On March 29, 2012, the Financial System Review Act (“FSRA”) received royal assent, with the provisions coming into force on a date to be fixed by order in council. The FSRA contains amendments to the Bank Act, clarifying the order of priorities in a situation where multiple security interests, including those under the Bank Act and under a provincial Personal Property Security Act (“PPSA”), are taken with respect to the same collateral. The amendments to the Bank Act in the FSRA expressly grant sections 426 and 427 Bank Act security priority over prior unperfected security interests in the same collateral.
These amendments effectively overrule the 2010 Supreme Court of Canada (“SCC”) decisions in the companion cases of Bank of Montreal v.

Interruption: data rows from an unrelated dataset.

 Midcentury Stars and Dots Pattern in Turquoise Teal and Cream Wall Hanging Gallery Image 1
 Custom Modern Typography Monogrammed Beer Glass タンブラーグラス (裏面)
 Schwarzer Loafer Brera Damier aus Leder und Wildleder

Innovation Credit Union (“Innovation”) and Royal Bank of Canada v. Radius Credit Union Ltd. (“Radius”) relating to the priority of federal Bank Act security vis à vis provincial personal property security under the Saskatchewan PPSA. Both Innovation and Radius involved a priority dispute between the credit union’s prior unregistered security interest taken under that PPSA and the bank’s subsequent security interest taken and registered under the federal Bank Act. After analyzing the nature of the relationship between the Bank Act security regime, which is property-based, and the PPSA security regime, which is based on a statutory scheme of registration, the SCC held that the credit union’s first-in-time unperfected PPSA security interest took priority over the bank’s subsequently registered Bank Act security interest.

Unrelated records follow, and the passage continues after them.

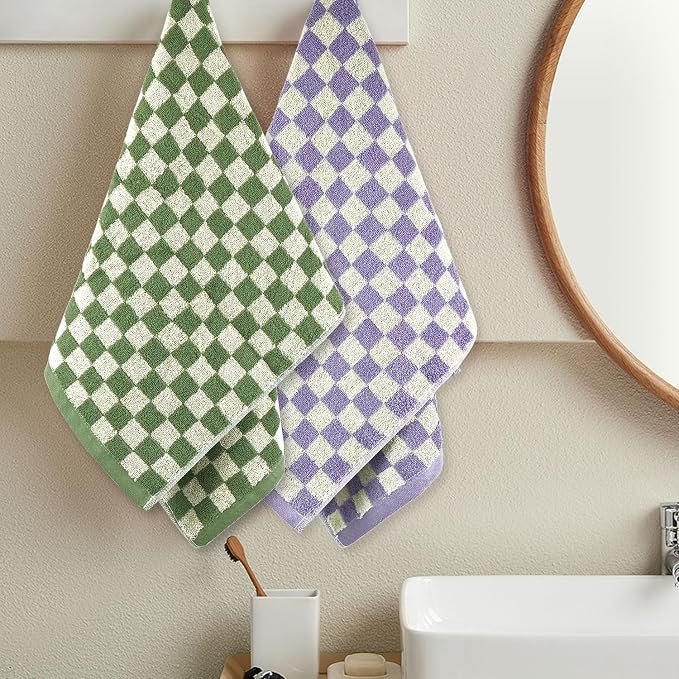 Jacquotha Hand Towels for Bathroom 4 Pack, Checkered Hand Towel Set | Cotton Soft Absorbent for Face Spa Bath Gym, Kitchen Towels Decorative, 13 x 29 Inches, 4 Colors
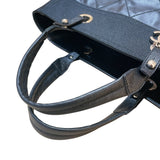 シャネル CHANEL パリビアリッツトート MM A34209 18番台 ブラック シルバー金具 コーティングキャンバス レディース トートバッグ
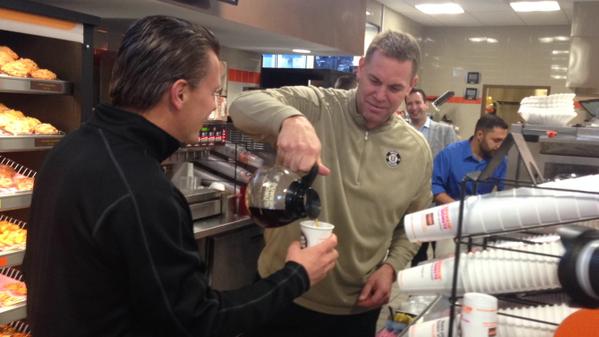 Looking great! “<a href="/slapschotts/">Ken Schott #ThePartingSchottsPodcast</a>: #UnionHockey coach Rick Bennett pours coffee for #RPIHockey coach <a href="/SethAppert/">Seth Appert</a> ”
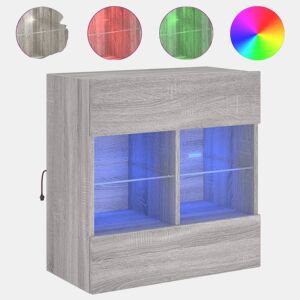 Móvel de parede p TV - Armário de TV c luzes LED 58,5x30x60,5 cm cinza sonoma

The SCC’s decision generated calls for legislative reform, since it exposed banks to unreasonable commercial risk. It left Bank Act security vulnerable to undisclosed and unregistered PPSA security interests (and similar interests under the Quebec Civil Code) whose existence the banks had no way of discovering. The amendments to the Bank Act contained in the FSRA respond to these concerns by expressly adding a priority rule that subordinates a prior unperfected security interest to subsequent sections 426 and 427 Bank Act interest.

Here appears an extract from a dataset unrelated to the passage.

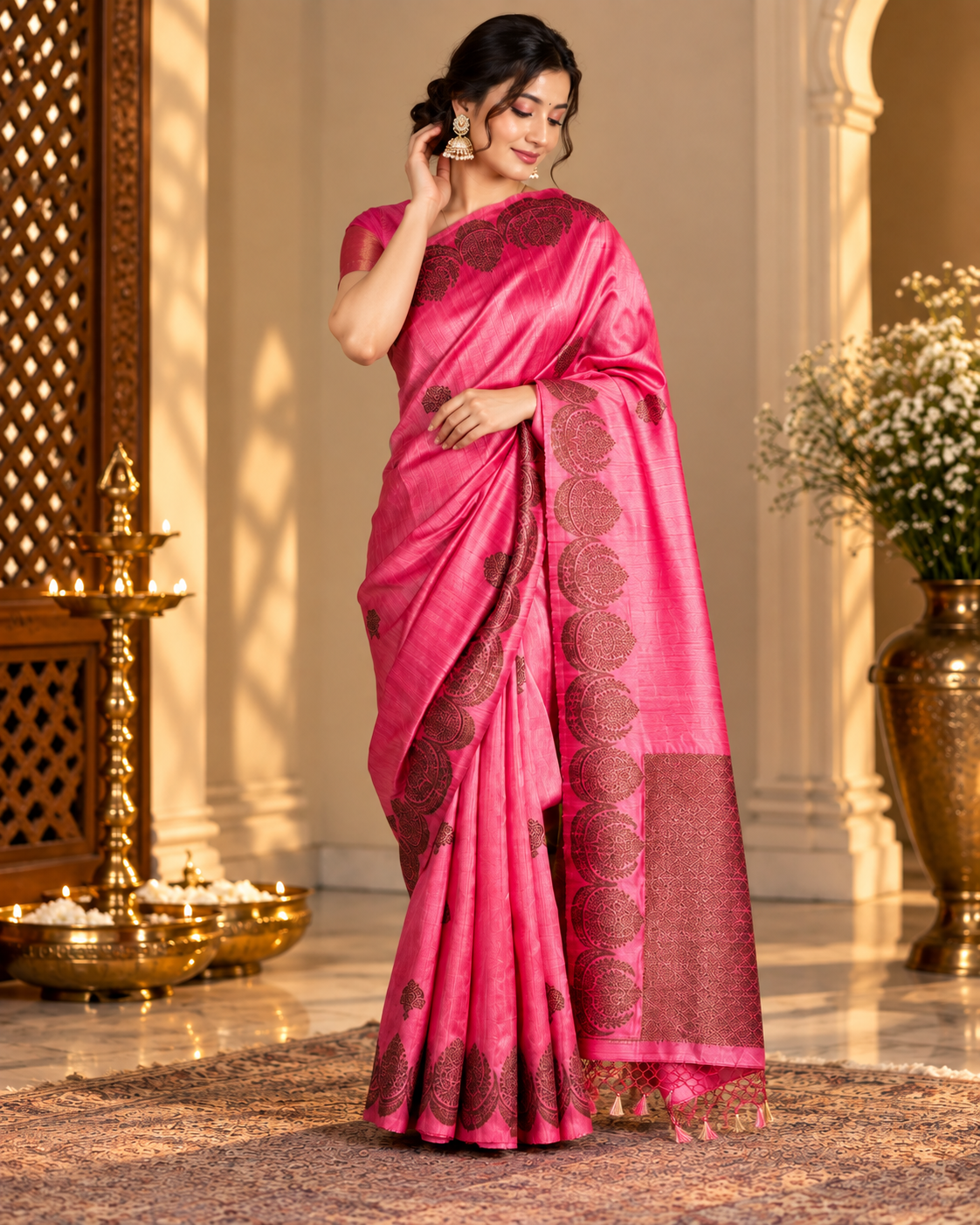 Peachy Pink Raw Silk Saree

An exception is provided where the bank acquires its security with “knowledge” of the other security interest, however, “knowledge” is not a defined term. This ambiguity means that banks may inadvertently obtain information that may be construed as “knowledge” of a prior unperfected security interest and lose their priority. To prevent this risk, banks would be well-advised to continue taking PPSA security and/or security under the Civil Code in Quebec, as applicable, in addition to sections 426 and 427 Bank Act security
While the amendments are a welcome relief from the untenable situation created by the SCC decisions, clarifying the narrow issue at question in Innovation and Radius, they do not address larger questions about the optimal relationship between the Bank Act and PPSA security regimes.